ACTIVITY: From the entries below, print exactly the span beginning with the line holding "continuous one line" and ending with the line holding "Random Scrap Quilt, Quilts", endpoints included, and skip any pictures.

DATA SHOWN:
== Segment start ==

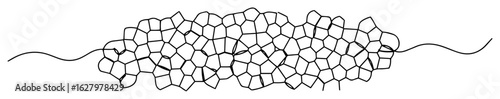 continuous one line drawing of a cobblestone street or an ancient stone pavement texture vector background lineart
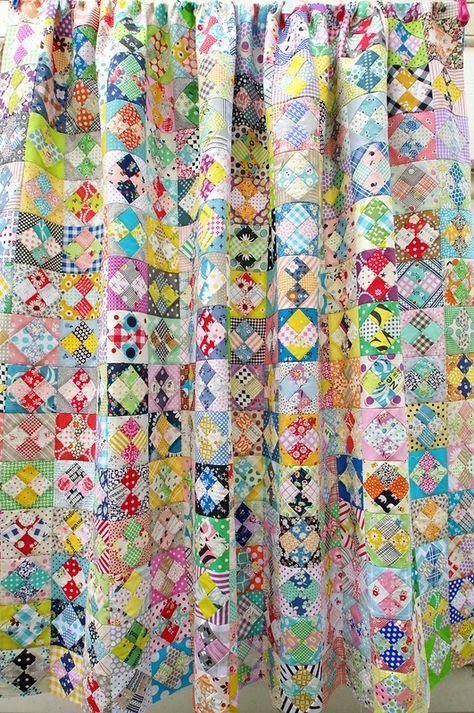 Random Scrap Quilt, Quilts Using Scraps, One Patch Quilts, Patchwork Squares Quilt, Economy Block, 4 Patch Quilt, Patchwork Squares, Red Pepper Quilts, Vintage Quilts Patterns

== Segment end ==
== Segment start ==

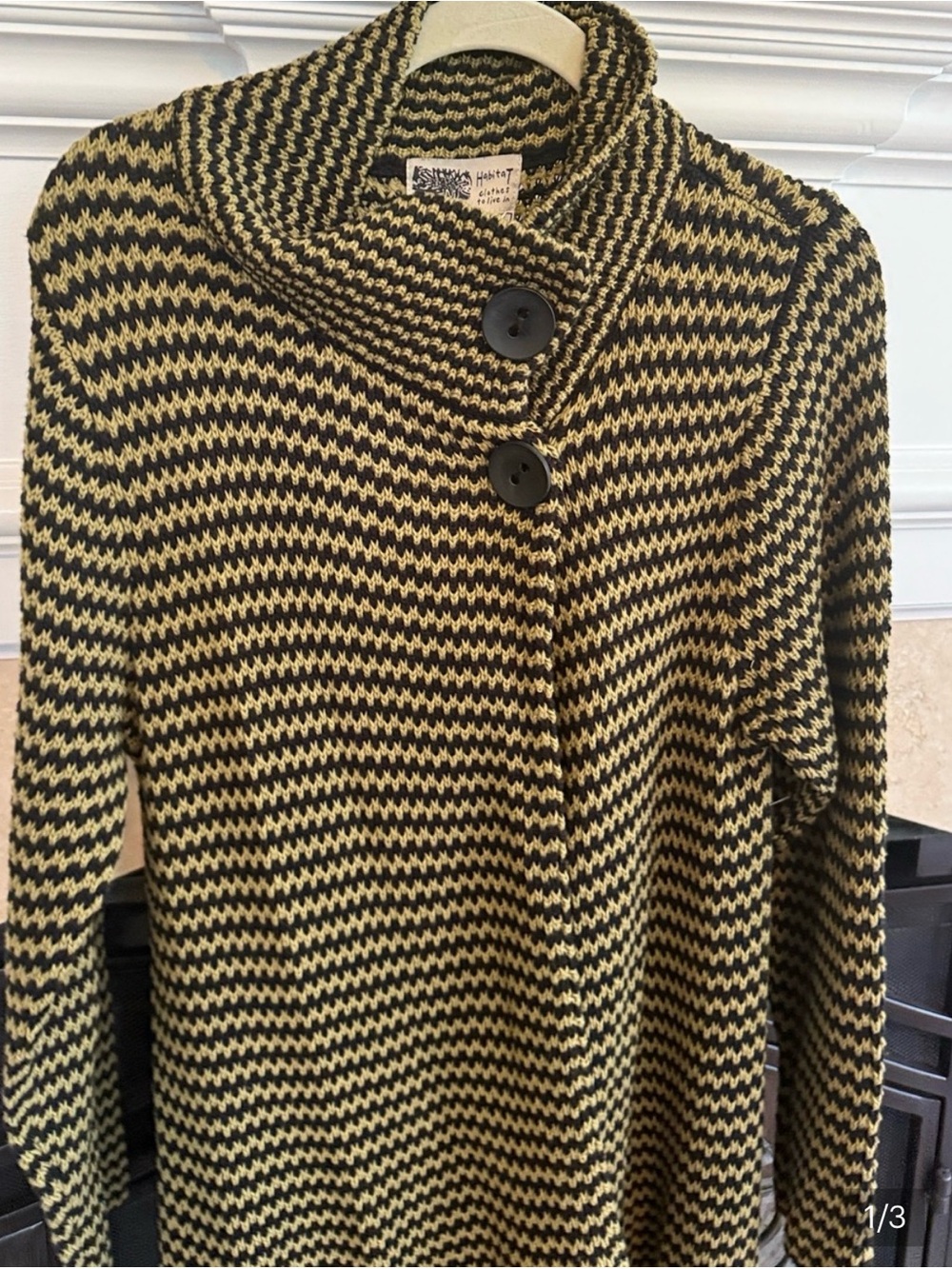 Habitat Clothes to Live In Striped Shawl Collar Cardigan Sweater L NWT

== Segment end ==

RESPONSE TO THE EXERCISE:
 continuous one line drawing of a cobblestone street or an ancient stone pavement texture vector background lineart
 Random Scrap Quilt, Quilts Using Scraps, One Patch Quilts, Patchwork Squares Quilt, Economy Block, 4 Patch Quilt, Patchwork Squares, Red Pepper Quilts, Vintage Quilts Patterns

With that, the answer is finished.